Study of elemental mercury re-emission through a lab-scale simulated scrubber

This paper describes a lab-scale simulated scrubber that was designed and built in the laboratory at Western Kentucky University’s Institute for Combustion Science and Environmental Technology. A series of tests on slurries of CaO, CaSO3, CaSO4/CaSO3 and Na2SO3 were carried out to simulate recirculating slurries in different oxidation modes. Elemental mercury (Hg0) re-emission was replicated through the simulated scrubber. The relationship between the oxidation–reduction potential (ORP) of the slurries and the Hg0 re-emissions was evaluated.
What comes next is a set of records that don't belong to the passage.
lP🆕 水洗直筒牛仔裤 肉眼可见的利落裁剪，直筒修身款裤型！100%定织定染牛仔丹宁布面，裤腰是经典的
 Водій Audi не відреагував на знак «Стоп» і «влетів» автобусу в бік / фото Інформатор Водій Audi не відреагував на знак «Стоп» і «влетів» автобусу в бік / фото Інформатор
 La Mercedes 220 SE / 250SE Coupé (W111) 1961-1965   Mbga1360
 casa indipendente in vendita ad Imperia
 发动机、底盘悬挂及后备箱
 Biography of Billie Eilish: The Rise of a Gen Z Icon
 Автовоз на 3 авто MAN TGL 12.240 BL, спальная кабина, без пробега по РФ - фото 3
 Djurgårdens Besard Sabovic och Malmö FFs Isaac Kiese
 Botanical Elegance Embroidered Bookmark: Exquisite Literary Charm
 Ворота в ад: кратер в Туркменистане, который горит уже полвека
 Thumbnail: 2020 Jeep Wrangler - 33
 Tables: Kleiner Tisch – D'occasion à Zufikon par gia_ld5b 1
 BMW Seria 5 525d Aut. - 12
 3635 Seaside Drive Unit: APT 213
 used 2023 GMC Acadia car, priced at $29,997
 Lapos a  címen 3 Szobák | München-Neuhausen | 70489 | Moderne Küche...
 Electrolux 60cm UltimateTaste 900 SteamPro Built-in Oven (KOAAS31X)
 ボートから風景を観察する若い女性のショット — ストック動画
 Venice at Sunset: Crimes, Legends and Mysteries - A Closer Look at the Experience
Elemental mercury re-emission occurred when Hg2+ that was absorbed in the simulated scrubber was converted to Hg0; then, Hg0 was emitted from the slurry together with the carrier gas. The effects of both the reagents and the operational conditions (including the temperature, pH, and oxygen concentrations in the carrier gas) on the Hg0 re-emission rates in the simulated scrubber were investigated. The results indicated that as the operational temperature of the scrubber and the pH value of the slurry increased, the Hg0 concentrations that were emitted from the simulated scrubber increased. The Hg0 re-emission rates decreased as the O2 concentration in the carrier gas increased. In addition, the effects of additives to suppress Hg0 re-emission were evaluated in this paper. Sodium tetrasulfide, TMT 15, NaHS and HI were added to the slurry, while Hg2+, which was absorbed in the slurry, was retained in the slurry as mercury precipitates. Therefore, there was a significant capacity for the additives to suppress Hg0 re-emission.